- [WHAT THE EXERCISE ASKS]
These records contain pictures, which must be left out; copy exactly the lines from the one with "ST19 Vintage LED Edison Light Bulbs" up to and including the one with "Hoge Taille Patchwork".

- [SUPPLIED MATERIAL]
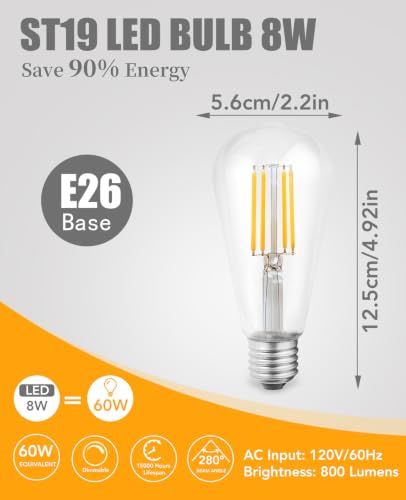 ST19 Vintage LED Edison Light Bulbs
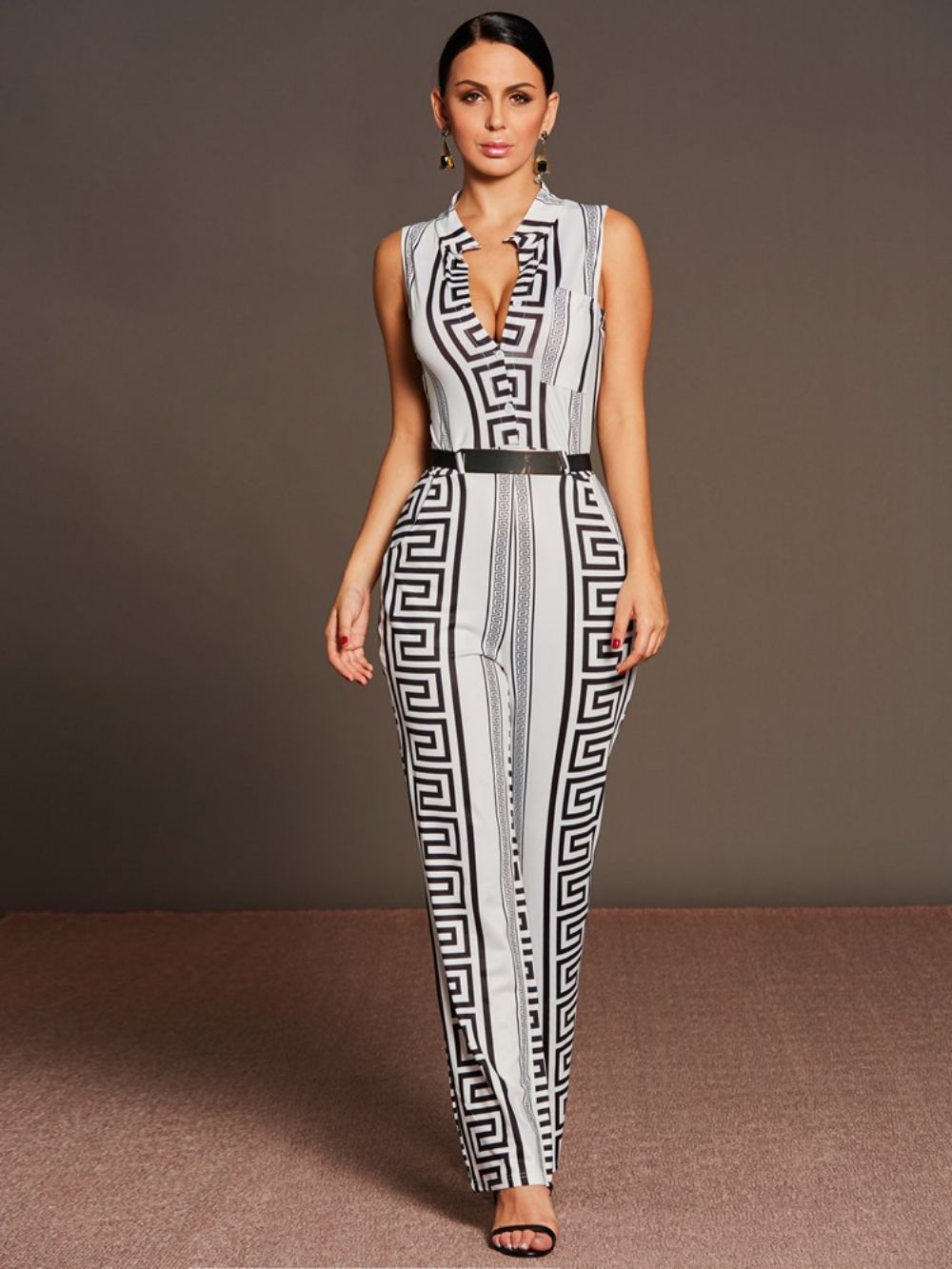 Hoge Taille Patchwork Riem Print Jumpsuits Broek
---
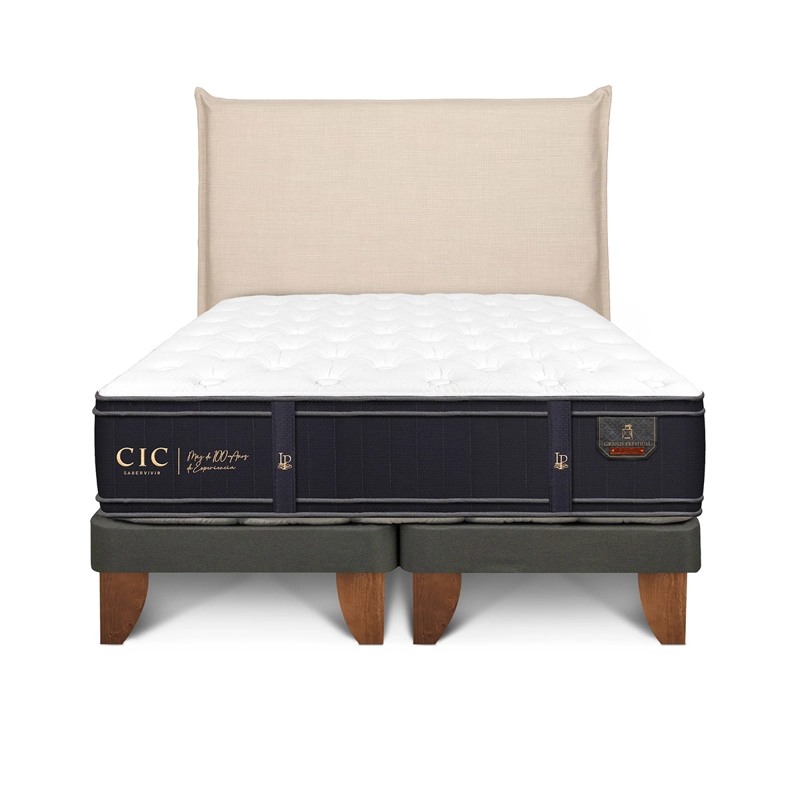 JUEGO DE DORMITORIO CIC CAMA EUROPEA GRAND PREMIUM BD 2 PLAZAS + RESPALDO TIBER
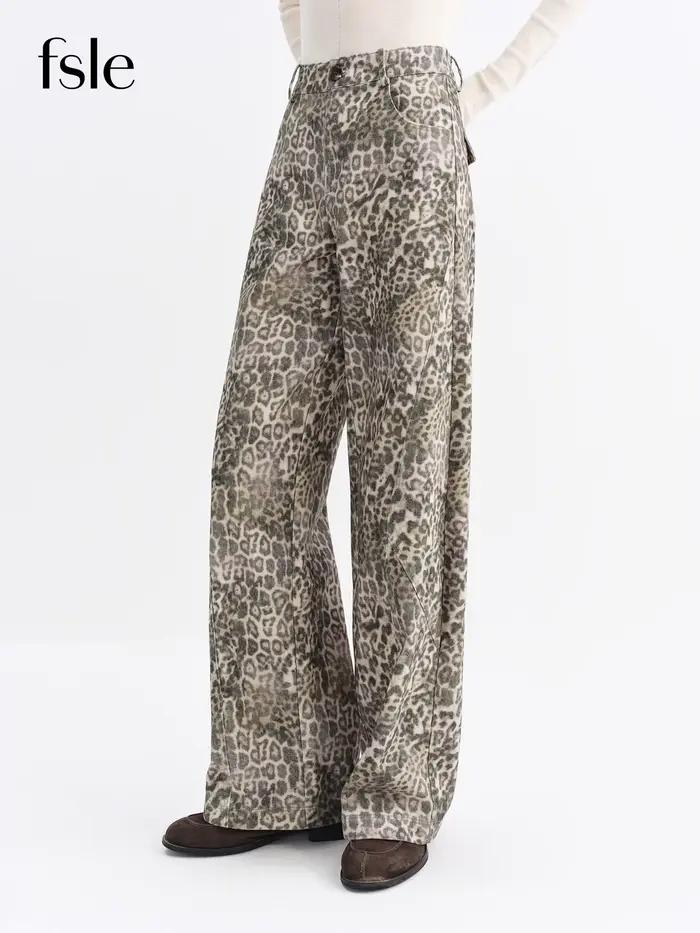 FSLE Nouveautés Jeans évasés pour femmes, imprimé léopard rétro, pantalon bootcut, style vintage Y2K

- [ANSWER AREA]
 ST19 Vintage LED Edison Light Bulbs
 Hoge Taille Patchwork Riem Print Jumpsuits Broek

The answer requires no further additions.